A weakly supervised method for named entity recognition of Chinese electronic medical records

Meng Li,Chunrong Gao,Kuang Zhang,Huajian Zhou,Jing Ying
DOI: https://doi.org/10.1007/s11517-023-02871-6
2023-07-15
Medical & Biological Engineering & Computing
Abstract:The field of Chinese medical natural language processing faces a significant challenge in training accurate entity recognition models due to the limited availability of high-quality labeled data. In response, we propose a joint training model, MCBERT-GCN-CRF, which achieves high performance in identifying medical-related entities in Chinese electronic medical records. Additionally, we introduce CM-NER, a 5-step framework that effectively mitigates the effects of noise in weakly labeled data and establishes a principled connection between supervised and weakly supervised named entity recognition. We demonstrate significant improvements in recall rate and accuracy. Our approach outperforms traditional fully supervised pre-training models and other state-of-the-art methods by suppressing noise in weakly labeled data. Our proposed framework achieves an F1 score of 86.29% on the CCKS-2019 dataset, significantly higher than pre-trained model baselines ranging from 74.17 to 83.06%, and higher than the top-performing named entity recognition supervised learning models in the CCKS-2019 competition. Our results demonstrate the effectiveness of our proposed framework and highlight the potential of leveraging unlabeled data to train accurate models for named entity recognition in Chinese medical natural language processing. This research has significant implications for advancing natural language processing techniques in the medical domain and improving patient care.Graphical Abstract
engineering, biomedical,computer science, interdisciplinary applications,mathematical & computational biology,medical informatics
What problem does this paper attempt to address?
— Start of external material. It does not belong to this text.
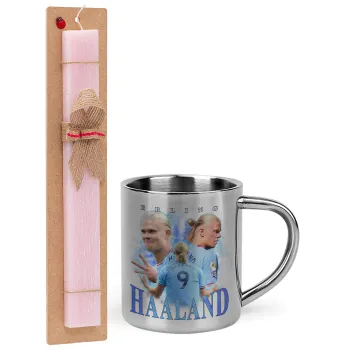 Erling Haaland, Easter Set, metallic thermal cup (300ml) & aromatic flat Easter candle (30cm) (PINK)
The problem that this paper attempts to solve is the challenges faced in entity recognition in Chinese electronic medical records, especially the difficulty in training a high - precision entity recognition model due to the limited amount of high - quality labeled data. Specifically, the paper proposes a jointly - trained model (MCBERT - GCN - CRF) combined with a weakly - supervised learning method, as well as a five - step framework (CM - NER), aiming to improve model performance by using large - scale unlabeled data while reducing the workload of manual labeling. This method can not only effectively suppress the noise in weakly - labeled data, but also significantly improve the recall rate and accuracy, thereby achieving more effective entity recognition in the field of Chinese medical natural language processing.